Anushthana
by Swami Sivananda
INTRODUCTORY
Anushthana is practice of religious austerity. It is observance of certain disciplines for the sake of obtaining some object of desire. The desire or the object may even be the final emancipation. Even that is a desire though it is generally not included as such. One who performs Anushthana has to be free from worldly engagements until the end of Anushthana. He should be completely engrossed in one thought and that is the thought concerned with the austere performance of the observances prescribed by the Sastras or scriptures. Such disciplines mould the man and make him fit to realise higher objects of his desires and ambitions.
Generally the highest form of Anushthana is unselfish worship of God for the sake of self-purification and final emancipation. There is no Anushthana better than this. Other Anushthanas done for the sake of petty material ends are the outcome of ignorance and are not spiritual. Spiritual Anushthana is based on discrimination and has for its ideal the liberation of the soul from the round of birth and death.
Anushthanas can be practised for a day, a week, a fortnight, a month, fortyeight days, ninety-six days, three months, six months or one year. The duration of time depends upon the ability and the liking of the performer. He can choose any kind of Anushthana according to his circumstances.
Even the rigour of the Sadhana is dependent on the constitution and health of the individual. A sick man is not required to take cold bath thrice daily. An unhealthy man with very weak body is not required to observe absolute fast. A person suffering from an acute disease is not required to forego taking medicine. Commonsense is the fundamental factor in all Sadhana. No rule is an eternal rule. Rules change from place to place, time to time and from one condition to another condition. A Sadhaka of Madras may live only with a Langotee even in the dead winter. But a Sadhaka living in the icy Gangotri cannot be expected to practise the same method even in summer. The Himalayan climate is not like that of Trivandrum or Madras. To hold an umbrella when it is heavily raining is not against the practice of Anushthana. Anushthana is rigorous mental discipline and not mere physical mortification.

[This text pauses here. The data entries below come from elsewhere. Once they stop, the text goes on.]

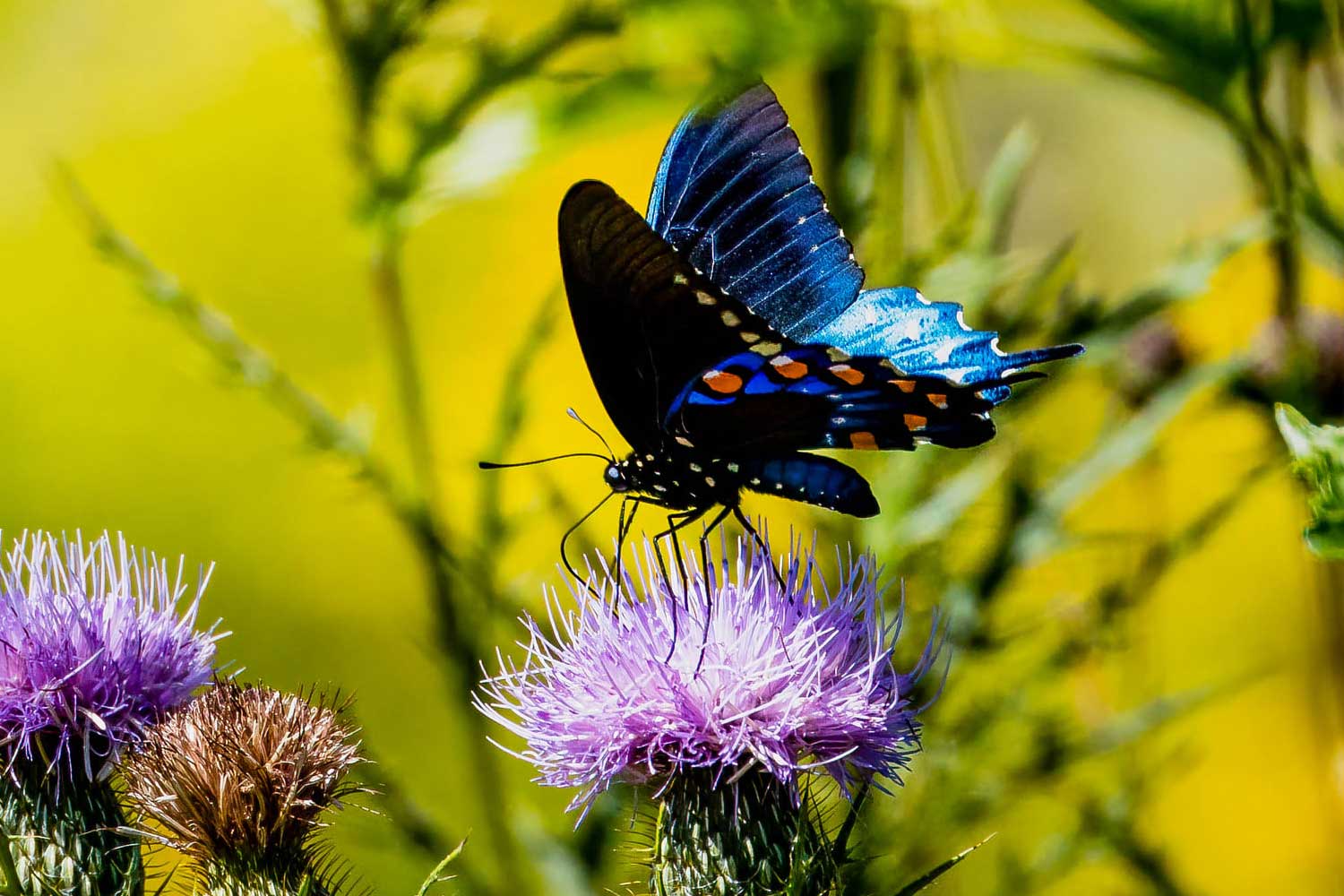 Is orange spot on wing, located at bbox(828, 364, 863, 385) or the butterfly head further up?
orange spot on wing, located at bbox(828, 364, 863, 385)

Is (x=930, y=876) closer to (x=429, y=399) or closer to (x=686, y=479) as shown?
(x=686, y=479)

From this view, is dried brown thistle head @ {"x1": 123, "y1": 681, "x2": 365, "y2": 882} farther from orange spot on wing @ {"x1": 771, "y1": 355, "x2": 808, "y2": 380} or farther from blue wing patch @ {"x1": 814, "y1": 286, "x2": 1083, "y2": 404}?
blue wing patch @ {"x1": 814, "y1": 286, "x2": 1083, "y2": 404}

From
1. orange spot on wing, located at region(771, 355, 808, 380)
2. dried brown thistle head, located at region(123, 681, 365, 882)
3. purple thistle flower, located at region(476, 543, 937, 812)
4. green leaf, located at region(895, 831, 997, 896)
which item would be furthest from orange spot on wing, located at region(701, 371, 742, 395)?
green leaf, located at region(895, 831, 997, 896)

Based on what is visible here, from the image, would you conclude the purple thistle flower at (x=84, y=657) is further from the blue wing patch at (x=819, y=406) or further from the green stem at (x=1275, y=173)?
the green stem at (x=1275, y=173)

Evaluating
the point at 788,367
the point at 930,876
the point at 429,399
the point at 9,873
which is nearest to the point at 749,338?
the point at 788,367

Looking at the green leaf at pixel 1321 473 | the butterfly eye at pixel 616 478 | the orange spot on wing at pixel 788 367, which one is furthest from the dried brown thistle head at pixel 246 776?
the green leaf at pixel 1321 473

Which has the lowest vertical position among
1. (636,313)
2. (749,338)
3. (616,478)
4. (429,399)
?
(429,399)

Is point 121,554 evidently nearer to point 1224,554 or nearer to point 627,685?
point 627,685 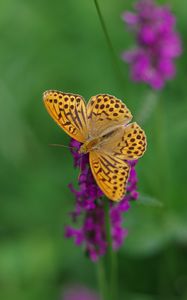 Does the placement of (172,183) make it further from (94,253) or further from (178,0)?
(178,0)

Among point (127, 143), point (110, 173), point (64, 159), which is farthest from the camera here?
point (64, 159)

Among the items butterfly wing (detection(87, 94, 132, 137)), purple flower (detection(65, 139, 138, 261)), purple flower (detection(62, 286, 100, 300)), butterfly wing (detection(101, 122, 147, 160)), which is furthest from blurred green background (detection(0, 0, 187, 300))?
butterfly wing (detection(101, 122, 147, 160))

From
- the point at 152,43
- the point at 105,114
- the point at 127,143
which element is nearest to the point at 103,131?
the point at 105,114

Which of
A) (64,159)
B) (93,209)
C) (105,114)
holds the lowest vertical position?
(64,159)

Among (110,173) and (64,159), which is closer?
(110,173)

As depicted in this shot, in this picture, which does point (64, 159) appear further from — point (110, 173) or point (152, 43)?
point (110, 173)

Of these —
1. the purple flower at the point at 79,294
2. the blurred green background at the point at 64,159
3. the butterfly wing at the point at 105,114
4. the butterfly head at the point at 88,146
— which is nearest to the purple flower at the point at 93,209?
the butterfly head at the point at 88,146

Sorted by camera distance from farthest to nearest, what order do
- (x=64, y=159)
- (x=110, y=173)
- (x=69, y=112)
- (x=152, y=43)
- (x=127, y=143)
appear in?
(x=64, y=159)
(x=152, y=43)
(x=69, y=112)
(x=127, y=143)
(x=110, y=173) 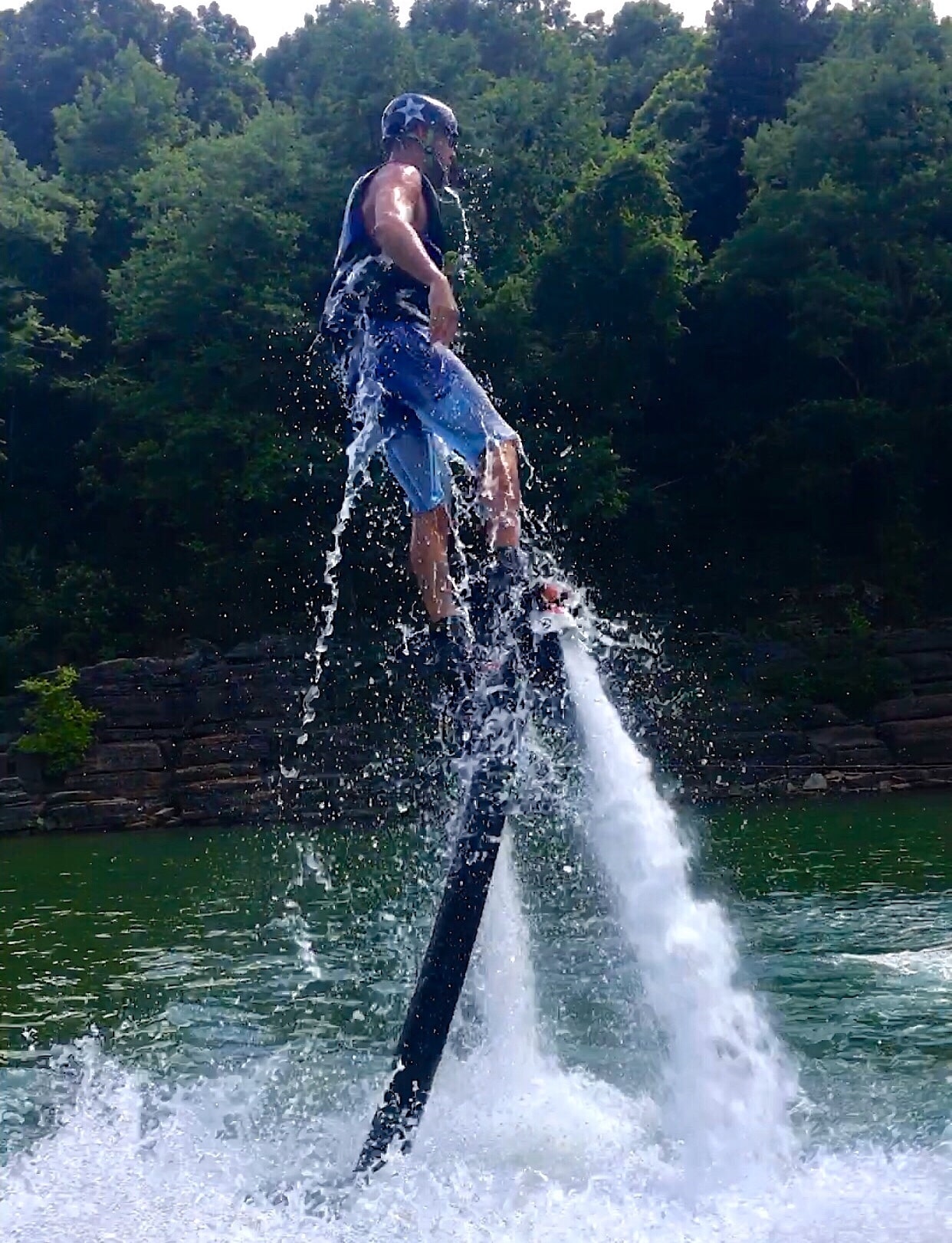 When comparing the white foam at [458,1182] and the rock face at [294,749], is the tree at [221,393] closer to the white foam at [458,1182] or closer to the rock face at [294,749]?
the rock face at [294,749]

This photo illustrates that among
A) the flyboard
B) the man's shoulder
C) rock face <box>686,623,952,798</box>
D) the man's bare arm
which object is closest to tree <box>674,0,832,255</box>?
rock face <box>686,623,952,798</box>

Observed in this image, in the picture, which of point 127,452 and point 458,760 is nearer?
point 458,760

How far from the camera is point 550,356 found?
23203 mm

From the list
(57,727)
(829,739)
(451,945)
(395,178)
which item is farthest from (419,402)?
(57,727)

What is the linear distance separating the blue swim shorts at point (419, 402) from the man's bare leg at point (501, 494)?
0.04m

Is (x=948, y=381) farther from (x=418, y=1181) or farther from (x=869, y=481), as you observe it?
(x=418, y=1181)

A pair of shoes used when walking over the glaciers of Kailasa or Manasarovar will not prove detrimental to Anushthana. Absolute necessities of the body are not hindrances. Abnormal cravings are against Anushthana, not the normal requirements. Strict Brahmacharya is an absolute necessity for all Anushthanas. Truth speaking and non-injury are absolute necessities, for these are mental disciplines.
Any action done against the feeling of the mind is not conducive to the rigour of the Anushthana. The actions of the mind alone are actions, not of the body. One who feels one thing and does another thing is a Mithyachari. To him the fruit of Sadhana will not accrue. The mind is the author of all actions. The body is only an instrument. Suppressing the effect when the cause is vigorously working will not add to the annihilation of the cause. The mind has to be calmed, and for that all Sadhanas are done in one way or other.